Find more @ https://www.facebook.com/CEPTUniversity
Some more information@ http://inditerrain.indiaartndesign.com/2015/08/indias-first-architectural-archives.html?m=1
This is all hear-say, but its shocking how many people are saying it, and how openly it is being accepted as bearing truth without much doubt (even if with disgust).
Heard that the present PM, by leaving, has ruined the semblance of governance that existed in the year before he left. From people who, at one point, were so blind in their hope that they wouldn’t hear one word of advice. So what happened? Let’s go over a bit of history:
Long before national election
Gujarat had a good feeling about it’s new CM because of the efficiency he showed in dealing with Earthquake of 2001 since his arrival in October*. Initially, many officers were heard mentioning that they had received instructions from the CM to process the files before papers turn yellow… seen as a good sign by many if not all.
A clean CM?
There was no mention of him or any channel leading to him when discussing kickbacks. Even as that was surprising, it lasted long enough to begin sounding credible.
Time and again people wondered if it was possible to go on like that, not taking, and not letting anyone else take, any money.
The complaints from traders, trade associations and businesses about BJP decreased. (That under Congress, at least work got done after paying a bribe, whereas when BJP came to power, they got so busy in amassing money that work came to a standstill in government)
Then came noises that the power was so centralised that the local level politicians had stopped mattering. All the power went to Babus, and local political structures were left shaken.
The work of centralising power at Gandhinagar was gaining momentum. And fewer people were actually heard praising the work than those organising/ noticing the propaganda events. But still a handful were talking about how the CM understands the need for professionals and quick decision making, and how he doesn’t tolerate nonsense.
Before National Elections
That number went down gradually and nothing of the sort was heard in the year leading up to national elections.
Before that year, and during that year, more and more people started complaining about their discomfort and about the need to know someone in Gandhinagar. Things slowed down, as they do in the run up of national elections. Even when not many anticipated the present government to get a clear majority, there were discussions about collectors being given quotas to collect and to send money up to Gandhinagar.

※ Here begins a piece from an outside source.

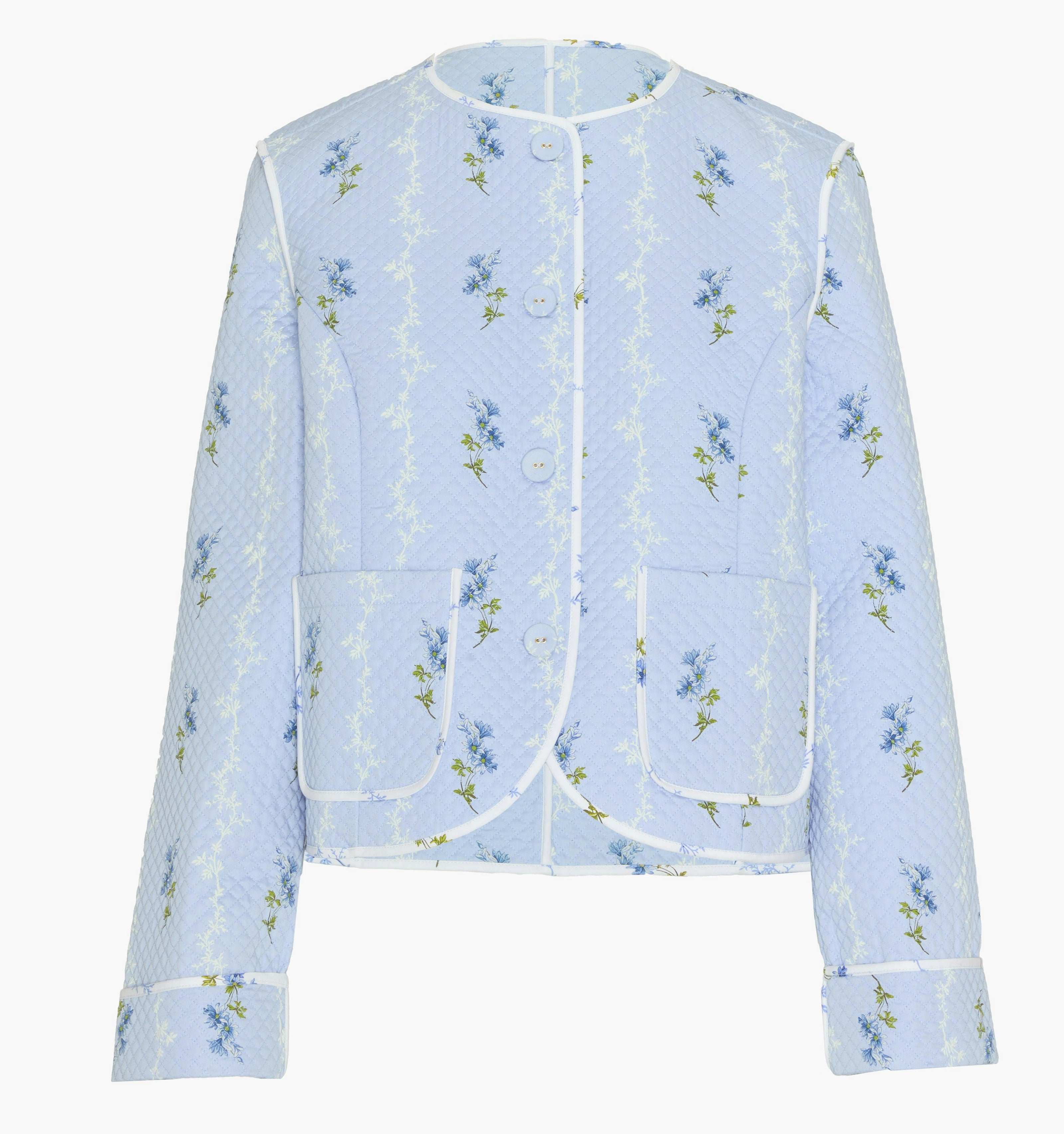 The Cropped Rowan Jacket - Bluebell Waltz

There were references to all norms and standards evaporating, and all those in positions of power doing pretty much as they pleased. The government that prided itself in putting capable (and often honest) people in key positions when push came to shove faltered, or was perhaps beyond caring, knowing this was a do or die.
New Government… and a year of placidity
Then came the new, majority, BJP government. And Gujarat was to have a new CM in over a decade. From the first day, there was anxiety over what would become of the state amidst a turf war between the supporters of two of the most steadfast deputies of the new PM.
Now, after a little over a year, there are complaints from all quarters about corruption and inability of the new structure to act, or reign in the rampant greed.
All the CMs like Jaylalitha, Vasundhara Raje, Pawar, Yadav and Mayawati were heard (long before the scandals erupted publicly) to have routes and channels. But nothing is heard about Gujarat.
Is Gujarat ahead of others, again?
*(The recovery after Earthquake needs to be compared to the pre-October scenario under Keshubhai Patel, and the way the Tamil Nadu government dealt with offers of help post Tsunami of 2004.)